Data theft
What is data theft? It is where people steal data. But data itself isn’t that interesting. What’s interesting is what you can do with it.
You can steal their money. Pretend you’re them. Ruin their lives. Extort money from them. Get someone else to murder them. Sell them things. Destroy people. But rarely is data theft the start of making someone successful or honoured or upstanding or respected.
When I considered starting a blog, data theft was something I had to take on board. For my self-preservation, survival and safety.
Why?
Why can I not stand in a public place, even on the Internet, and proclaim “This is who I am, and nothing you throw at me will change that. All you can change in me is whether I live in this life, or in the next. But, I will live, whichever it is to be.”

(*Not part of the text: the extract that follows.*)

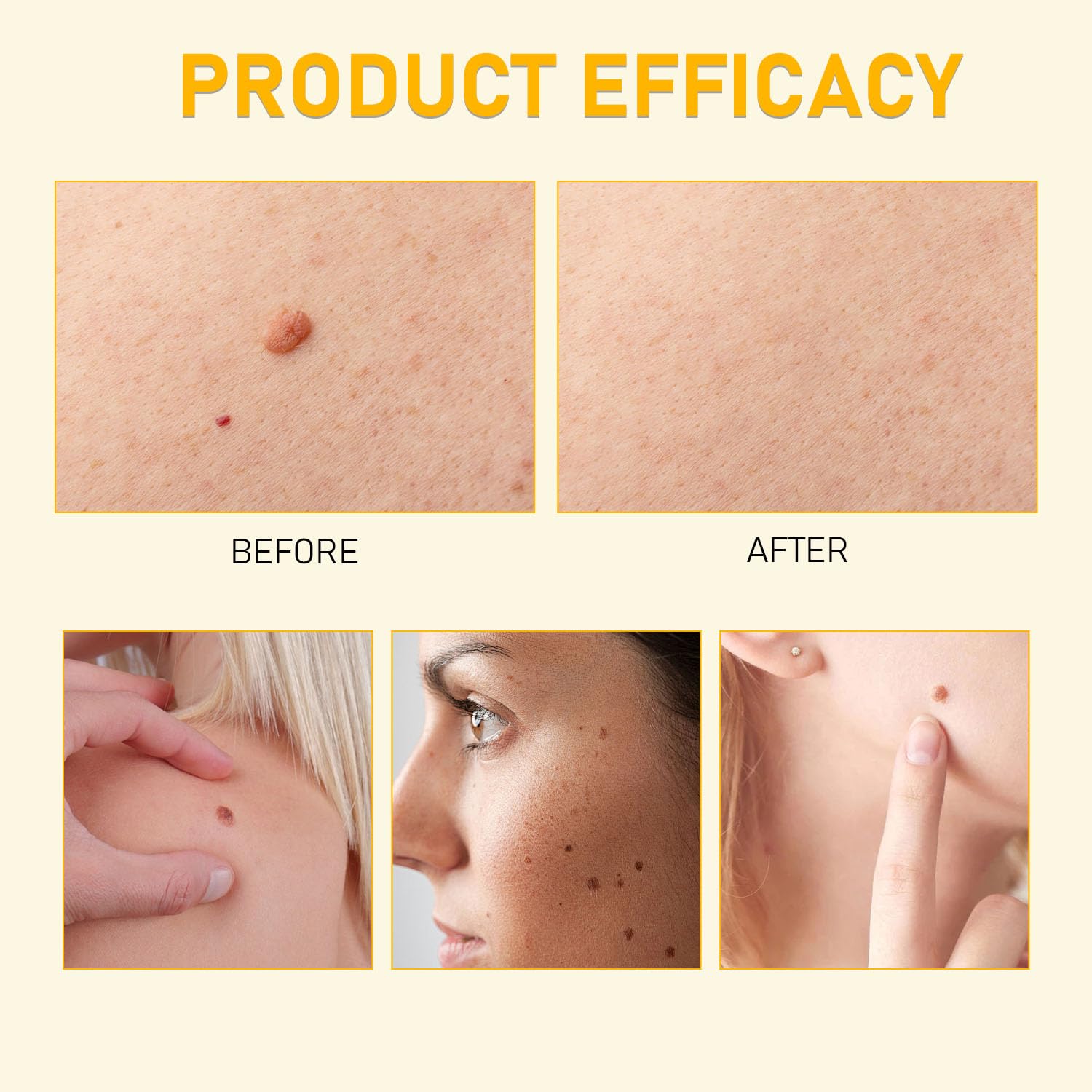 Bee Venom Skin Restoration Cream, Bee Venom Comprehensive Creams, Professional BeeVenom Skins Cream, Advanced Firming & Wrinkle-Reducing Creams,Natural Skins Moisturizer for All Skin Types(2pcs) - Image 5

You cannot steal my money. I have none to steal. You can pretend to be me — people have done that since the time of Thespes — but, just like Thespes, you would have to drop your mask at some point because, if you are anything like me, you wouldn’t even be stealing my data.
You could ruin my life by telling people who I really am, but I am ahead of you: I have already told people who I am. You could extort money from me — but what would you extort? My share portfolio? My yacht? My gardenias?
Who would murder me? What for? Because I won’t be extorted? And I buy what I need and I need very little. I need a new blind on my bathroom window. I’ll save for it. But I’ll buy it from Velux, because it’s a Velux window, and not from anyone else. There are better targets for your machinations than me.
And I have better protection than Kavlar: I have my faith in God. So, steal my data. I have a funny feeling that you will thereby make me successful; even honoured, perhaps; upstanding and respected. I don’t need that, so you don’t have to steal my data if you don’t need to. I don’t need you to, but it might be a big favour if you did.
I have been in all the abysses and cesspits from which data robbers emerge. I know.